Condannato l'addetto alle pulizie "vicino" alla Jihad islamica

Questi i contenuti della sentenza di condanna nei confronti di Mohamed Nosair, il 49enne di nazionalità egiziana, addetto alle pulizie del Quartiere Stella di Cologno Monzese, finito a processo, davanti alla Corte d’assise di Monza, dopo che nell’ottobre del 2023 era stato arrestato dalla Digos di Milano assieme a un 44enne italiano di origini nordafricane, Alaa Refaei, residente nel capoluogo brianzolo, che ha optato per la strada del rito abbreviato al Tribunale di Milano ed è stato precedentemente condannato a cinque anni di carcere.
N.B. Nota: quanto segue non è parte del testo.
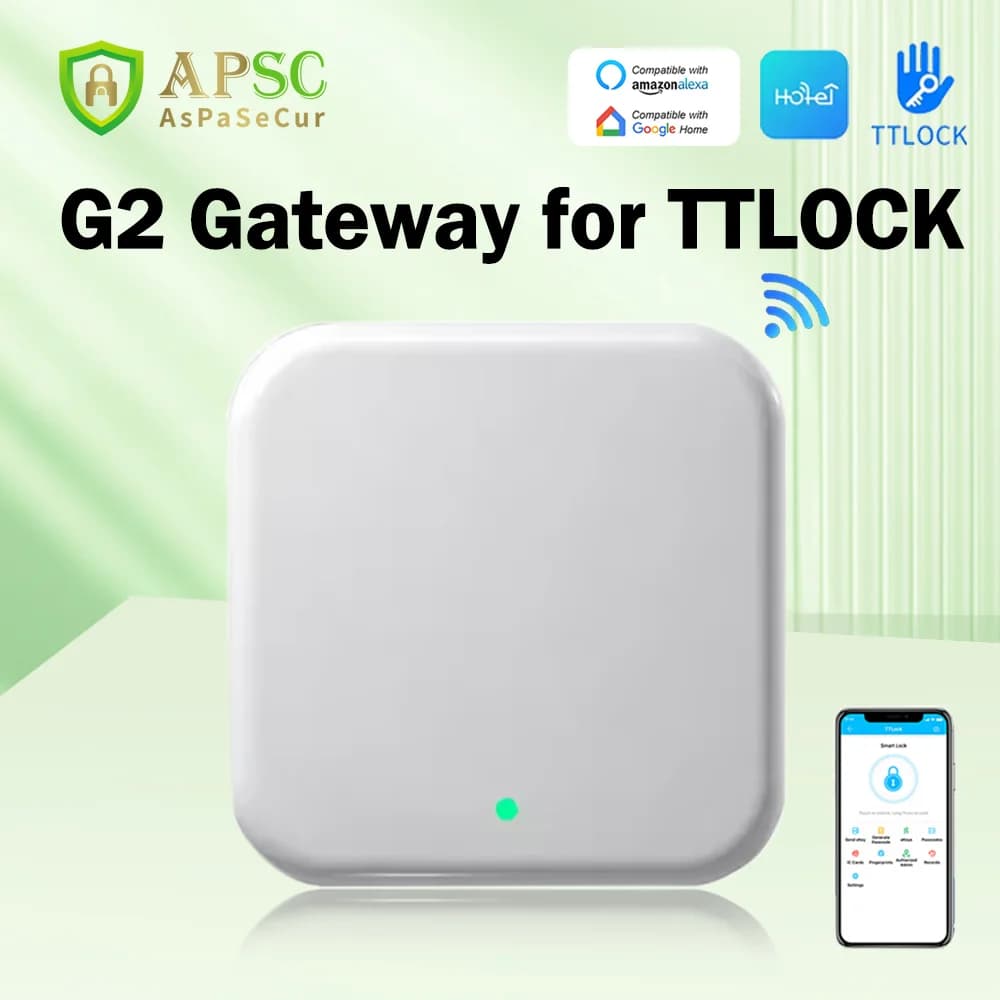 TTLOCK Gateway G2 G3 Bluetooth A Wifi 2.4G Gateway IoT Hub WIFI/RJ45 per Smart Home Door Lock TThotel Ttlock App Controllo del telefono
La sentenza della Corte d'assise di Monza

Il verdetto (le motivazioni verranno rese pubbliche entro 90 giorni) è stato pronunciato ieri, venerdì 29 novembre 2024. Entrambi erano considerati dagli inquirenti dei fiancheggiatori della Jihad e dello Stato islamico, accusati di associazione con finalità di terrorismo e istigazione a delinquere.

Nosair, titolare di un permesso di soggiorno a lungo termine, da 16 anni in Italia, era dipendente di una società di servizi con sede a Brugherio, a poche centinaia di metri dal suo luogo di professione e domicilio (era stato infatti prelevato dai poliziotti proprio in corso Roma, durante l’orario di lavoro).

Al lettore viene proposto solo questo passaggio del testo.